Some companies today fear the public customer review. After all, it seems like everywhere you look, there are customer reviews. Yelp, Facebook, Google--even the Better Business Bureau--these sites and more allow consumers to leave reviews online for businesses today.

It doesn’t take long for company executives to imagine these reviews take on greater significance than they actually have, and if you let your imagination go too far, you might start concluding that a few one-star or two-star reviews will destroy the business. That’s unlikely to happen.

Not long ago, I saw a self-employed author lamenting on his blog about a one-star review of his latest book on Amazon. He went on and on about how many sales he had lost because of that one-star review. However, this is an author with at least a dozen books and literally hundreds of Amazon reviews-;the vast majority of which are positive four- and five-star reviews. Do you think he might have been letting emotion get in the way of objectively looking at that one bad review, out of hundreds of mostly positive reviews?

Your company will survive some bad reviews, should you receive any.

In fact, you may even learn some things from negative reviews that ultimately will help your business improve and become better. In the long run, it may be one of the best things to happen to your business.

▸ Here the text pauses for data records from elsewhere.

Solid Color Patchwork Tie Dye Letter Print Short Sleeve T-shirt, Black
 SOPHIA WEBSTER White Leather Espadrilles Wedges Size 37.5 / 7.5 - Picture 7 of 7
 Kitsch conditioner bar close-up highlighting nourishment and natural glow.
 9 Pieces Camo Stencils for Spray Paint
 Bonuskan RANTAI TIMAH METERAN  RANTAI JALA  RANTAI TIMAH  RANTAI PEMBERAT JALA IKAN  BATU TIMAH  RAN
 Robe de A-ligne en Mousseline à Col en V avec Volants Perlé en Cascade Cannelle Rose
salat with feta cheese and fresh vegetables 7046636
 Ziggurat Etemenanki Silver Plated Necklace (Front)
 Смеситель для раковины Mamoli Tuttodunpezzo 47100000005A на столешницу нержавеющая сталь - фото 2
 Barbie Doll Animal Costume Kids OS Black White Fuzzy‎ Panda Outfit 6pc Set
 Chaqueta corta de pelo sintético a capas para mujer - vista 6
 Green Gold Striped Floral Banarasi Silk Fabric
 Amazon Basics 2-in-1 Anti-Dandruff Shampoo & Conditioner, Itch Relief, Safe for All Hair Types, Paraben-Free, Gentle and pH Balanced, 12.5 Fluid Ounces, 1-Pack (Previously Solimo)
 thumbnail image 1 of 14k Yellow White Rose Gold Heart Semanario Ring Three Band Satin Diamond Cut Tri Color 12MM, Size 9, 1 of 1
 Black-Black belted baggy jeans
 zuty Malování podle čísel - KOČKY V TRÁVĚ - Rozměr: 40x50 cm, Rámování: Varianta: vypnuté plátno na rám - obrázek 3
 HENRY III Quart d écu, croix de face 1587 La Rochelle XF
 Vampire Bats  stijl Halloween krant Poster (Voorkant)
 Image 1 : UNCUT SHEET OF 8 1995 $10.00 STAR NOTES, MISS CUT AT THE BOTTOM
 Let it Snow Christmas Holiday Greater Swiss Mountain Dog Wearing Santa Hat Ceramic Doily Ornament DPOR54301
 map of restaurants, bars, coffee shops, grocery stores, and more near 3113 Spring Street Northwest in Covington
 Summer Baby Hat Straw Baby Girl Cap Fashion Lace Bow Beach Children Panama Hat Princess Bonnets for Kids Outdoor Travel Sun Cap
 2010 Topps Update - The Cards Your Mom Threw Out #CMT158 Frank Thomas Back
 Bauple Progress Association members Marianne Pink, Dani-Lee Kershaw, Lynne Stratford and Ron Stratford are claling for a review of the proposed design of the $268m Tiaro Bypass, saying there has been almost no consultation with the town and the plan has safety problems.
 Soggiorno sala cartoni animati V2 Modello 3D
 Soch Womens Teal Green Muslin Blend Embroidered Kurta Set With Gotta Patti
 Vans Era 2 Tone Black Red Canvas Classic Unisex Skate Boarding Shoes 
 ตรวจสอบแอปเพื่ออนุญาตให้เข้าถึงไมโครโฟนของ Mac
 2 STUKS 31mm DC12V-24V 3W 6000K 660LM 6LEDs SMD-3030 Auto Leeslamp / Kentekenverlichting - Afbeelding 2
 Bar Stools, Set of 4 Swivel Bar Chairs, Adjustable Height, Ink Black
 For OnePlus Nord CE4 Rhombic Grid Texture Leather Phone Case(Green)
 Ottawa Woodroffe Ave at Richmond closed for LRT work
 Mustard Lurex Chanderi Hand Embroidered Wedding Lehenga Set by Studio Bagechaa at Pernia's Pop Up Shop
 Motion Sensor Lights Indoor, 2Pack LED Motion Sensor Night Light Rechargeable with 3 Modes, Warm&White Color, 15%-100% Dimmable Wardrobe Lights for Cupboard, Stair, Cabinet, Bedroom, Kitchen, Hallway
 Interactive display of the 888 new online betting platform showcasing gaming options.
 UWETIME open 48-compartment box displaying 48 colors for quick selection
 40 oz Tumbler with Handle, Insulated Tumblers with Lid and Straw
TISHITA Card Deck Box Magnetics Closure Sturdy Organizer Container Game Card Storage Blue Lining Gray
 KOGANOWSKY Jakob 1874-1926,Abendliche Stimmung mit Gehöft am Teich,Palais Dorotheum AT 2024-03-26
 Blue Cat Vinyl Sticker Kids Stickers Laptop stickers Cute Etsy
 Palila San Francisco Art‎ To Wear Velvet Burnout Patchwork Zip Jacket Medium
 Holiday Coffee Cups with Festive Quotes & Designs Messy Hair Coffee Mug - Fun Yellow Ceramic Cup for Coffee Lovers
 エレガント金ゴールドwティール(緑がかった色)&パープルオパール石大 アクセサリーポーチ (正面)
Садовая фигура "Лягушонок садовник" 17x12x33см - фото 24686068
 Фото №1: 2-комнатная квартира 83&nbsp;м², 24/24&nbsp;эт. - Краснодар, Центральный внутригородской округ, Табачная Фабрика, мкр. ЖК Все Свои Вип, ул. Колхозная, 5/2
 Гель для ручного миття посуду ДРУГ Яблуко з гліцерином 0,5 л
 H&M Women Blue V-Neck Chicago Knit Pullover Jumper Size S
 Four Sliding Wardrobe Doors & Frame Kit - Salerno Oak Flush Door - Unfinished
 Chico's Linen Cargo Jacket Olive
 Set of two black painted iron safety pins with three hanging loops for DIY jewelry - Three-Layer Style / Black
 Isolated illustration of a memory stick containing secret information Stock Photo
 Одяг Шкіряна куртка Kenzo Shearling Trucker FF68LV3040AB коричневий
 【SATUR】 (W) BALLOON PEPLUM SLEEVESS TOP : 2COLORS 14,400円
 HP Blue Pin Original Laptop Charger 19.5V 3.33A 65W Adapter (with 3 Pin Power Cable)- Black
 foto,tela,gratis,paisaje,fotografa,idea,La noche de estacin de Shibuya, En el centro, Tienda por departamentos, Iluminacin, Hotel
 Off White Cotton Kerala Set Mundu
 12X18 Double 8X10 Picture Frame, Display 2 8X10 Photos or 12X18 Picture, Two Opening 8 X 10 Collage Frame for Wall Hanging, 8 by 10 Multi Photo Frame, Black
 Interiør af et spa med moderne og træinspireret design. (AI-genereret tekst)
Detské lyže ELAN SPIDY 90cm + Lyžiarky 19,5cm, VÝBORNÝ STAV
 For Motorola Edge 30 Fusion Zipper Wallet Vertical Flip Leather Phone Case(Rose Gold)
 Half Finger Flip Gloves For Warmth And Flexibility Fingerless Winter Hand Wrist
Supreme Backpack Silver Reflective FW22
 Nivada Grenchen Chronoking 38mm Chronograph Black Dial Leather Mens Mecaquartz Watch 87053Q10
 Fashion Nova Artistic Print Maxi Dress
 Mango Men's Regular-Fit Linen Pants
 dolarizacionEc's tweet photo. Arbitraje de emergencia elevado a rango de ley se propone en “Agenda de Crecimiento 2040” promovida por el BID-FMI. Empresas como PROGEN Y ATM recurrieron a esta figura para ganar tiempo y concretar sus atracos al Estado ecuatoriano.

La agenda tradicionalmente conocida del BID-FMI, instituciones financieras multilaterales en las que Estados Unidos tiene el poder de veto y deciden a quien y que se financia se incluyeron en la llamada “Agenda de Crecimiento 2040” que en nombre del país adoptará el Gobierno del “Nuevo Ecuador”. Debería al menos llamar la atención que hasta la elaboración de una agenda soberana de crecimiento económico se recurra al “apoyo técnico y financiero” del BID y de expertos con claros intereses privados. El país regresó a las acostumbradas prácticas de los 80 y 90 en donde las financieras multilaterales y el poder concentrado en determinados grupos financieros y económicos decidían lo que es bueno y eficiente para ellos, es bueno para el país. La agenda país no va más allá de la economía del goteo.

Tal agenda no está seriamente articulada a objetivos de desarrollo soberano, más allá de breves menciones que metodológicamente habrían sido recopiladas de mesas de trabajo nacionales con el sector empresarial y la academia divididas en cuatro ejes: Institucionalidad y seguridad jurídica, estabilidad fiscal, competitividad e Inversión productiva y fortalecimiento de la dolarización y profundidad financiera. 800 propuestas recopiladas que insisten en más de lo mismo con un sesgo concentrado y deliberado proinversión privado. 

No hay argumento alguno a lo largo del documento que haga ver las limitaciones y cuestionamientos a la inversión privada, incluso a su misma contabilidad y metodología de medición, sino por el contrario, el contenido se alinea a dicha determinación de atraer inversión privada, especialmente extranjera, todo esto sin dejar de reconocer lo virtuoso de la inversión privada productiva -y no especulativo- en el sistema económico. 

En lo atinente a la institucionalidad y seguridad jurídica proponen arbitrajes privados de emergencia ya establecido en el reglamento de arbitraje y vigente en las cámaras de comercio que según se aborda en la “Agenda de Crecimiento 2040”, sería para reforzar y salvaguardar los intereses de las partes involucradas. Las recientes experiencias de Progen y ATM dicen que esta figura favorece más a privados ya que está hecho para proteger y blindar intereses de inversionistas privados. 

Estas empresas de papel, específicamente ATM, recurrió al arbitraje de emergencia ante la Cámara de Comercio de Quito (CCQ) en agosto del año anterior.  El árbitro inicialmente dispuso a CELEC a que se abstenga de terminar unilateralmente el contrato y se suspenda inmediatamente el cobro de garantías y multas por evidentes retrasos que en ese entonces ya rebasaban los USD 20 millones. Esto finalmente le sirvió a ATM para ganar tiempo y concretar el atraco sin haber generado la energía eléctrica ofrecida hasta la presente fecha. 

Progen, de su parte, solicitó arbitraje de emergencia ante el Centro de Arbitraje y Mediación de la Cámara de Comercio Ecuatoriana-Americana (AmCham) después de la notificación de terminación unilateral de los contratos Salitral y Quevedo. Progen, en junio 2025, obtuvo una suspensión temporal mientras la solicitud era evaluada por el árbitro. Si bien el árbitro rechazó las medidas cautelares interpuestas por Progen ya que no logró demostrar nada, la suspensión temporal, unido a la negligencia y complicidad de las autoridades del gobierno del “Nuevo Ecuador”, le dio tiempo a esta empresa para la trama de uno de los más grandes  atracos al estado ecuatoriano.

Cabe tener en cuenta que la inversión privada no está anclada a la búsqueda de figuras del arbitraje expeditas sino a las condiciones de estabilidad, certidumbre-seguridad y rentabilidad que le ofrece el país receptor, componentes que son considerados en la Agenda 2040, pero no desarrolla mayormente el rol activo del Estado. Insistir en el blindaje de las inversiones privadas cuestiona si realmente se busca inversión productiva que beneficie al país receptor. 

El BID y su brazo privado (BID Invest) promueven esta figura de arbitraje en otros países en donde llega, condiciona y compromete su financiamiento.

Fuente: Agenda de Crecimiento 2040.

Here are five ways that bad reviews can help:

1. Negative reviews help you see and improve your weaknesses. As business owners, we may be too close to our businesses to see what is glaringly obvious to customers. Instead of living in blissful ignorance, or hoping and praying no one notices or comments, isn’t it better to correct issues that threaten your business in some way? Listen, you built your business and you’re capable of solving problems, or you wouldn’t be in business. Business is a series of problems needing solutions. Look at the underlying situation as just one more problem to confront and address. It goes against human nature to think of criticism as a gift, but as business owners we have to have the self-confidence to think of it that way and not take it personally.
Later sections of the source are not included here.